Duas adolescentes foram flagradas por uma policial militar enquanto pichavam a entrada de uma distribuidora de alimentos do governo em Barreiras (BA). Segundo a polícia, as meninas foram obrigadas pela policial a lavarem o que haviam escrito. Elas teriam riscado, com um pedaço de carvão, ofensas contra a policial, que trabalha no local. (Fonte: G1)
Não sou cruel, mas gostei da notícia. Ver a adolescente ali então, prostrada de quatro como um animal selvagem, obrigada a limpar a própria sujeira, me deu gosto. Não encontro em mim o mínimo resquício de pena. Quando eu fazia coisa errada em casa, ou levava uns tapas corretivos ou era obrigado a arrumar a bagunça.
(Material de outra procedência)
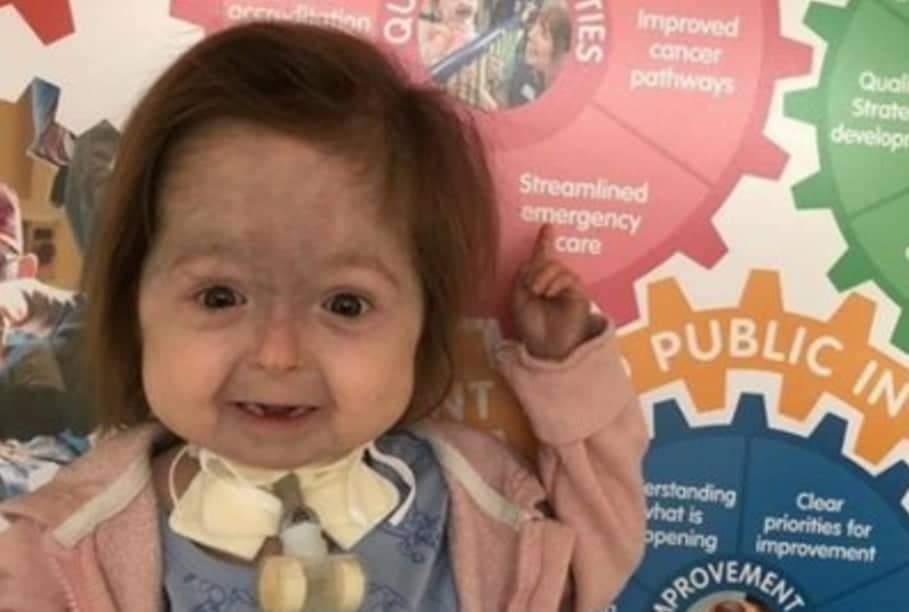 Menina é a única no mundo a ter a doença de Benjamin Button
Aliás, na vida é assim também: pagamos caro por nossas “sujeiras”, e ninguém virá (ou pelo menos não deveria) passar a mão na nossa cabeça quando cometemos algum erro de forma intencional a fim de prejudicar outrem.
Isso me faz lembrar o caso de Caroline Piveta da Mota, 23, que entrou no prédio da Bienal de São Paulo. Ela foi presa, corretamente, e posteriormente solta. Para minha surpresa, contudo, vi manifestações de apoio a uma pichadora! Hey, esperem! O que aconteceu com o mundo? Se tivessem reservado um espaço na bienal para o grafite (que eu acho de péssimo gosto, mas vai lá), tudo bem. Mas não, o espaço foi invadido e vandalizado! E me chega Vitor Ângelo, que mantém o blog Dus Infernus, e me lança a pérola: “Vejo uma manada de jovens em uma coreografia que lembrava os animais livres da savana correndo e gritando por liberdade de expressão. Não resisti, aplaudi forte como muitas outras pessoas".
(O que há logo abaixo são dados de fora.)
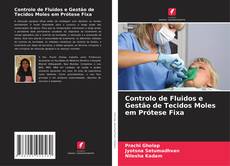 Buchcover von Controlo de Fluidos e Gestão de Tecidos Moles em Prótese Fixa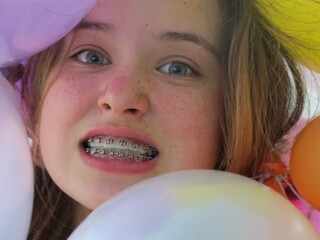 close up portrait of a girl  with braces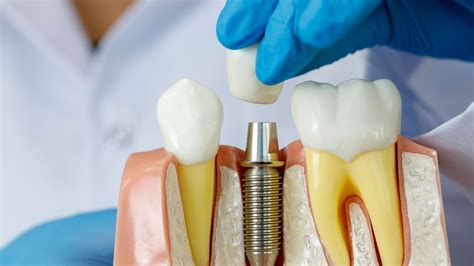 What Are Dental Implants Everything You Need To Know Byford Smiles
Como é? Eu li direito? Liberdade de expressão? E precisa lesar patrimônio público para isso? Se eu for na casa deste cara e pichar a fachada dele, ele vai considerar isso como arte também? Pois é, acho que estamos vivendo sim é uma completa inversão de valores! Logo mais, ser correto e andar dentro da lei será punido com a prisão e repreensão dos assim auto-proclamados formadores de opinião, como é o caso do infeliz blogueiro supracitado. E não sou poucos os que torcem por uma completa barbarização de uma sociedade já caótica! Uma abaixo assinado com quase 2000 assinaturas pediu pela libertação da pichadora, na ocasião de sua prisão. Estranho, muito estranho. Lembro-me de ter visto 100 ou menos pessoas numa manifestação contra Gilmar Mendes, presidente do STF, quando este expediu 2 habeas Corpus para Daniel Dantas, funcionando como um advogado particular do maior mafioso do país.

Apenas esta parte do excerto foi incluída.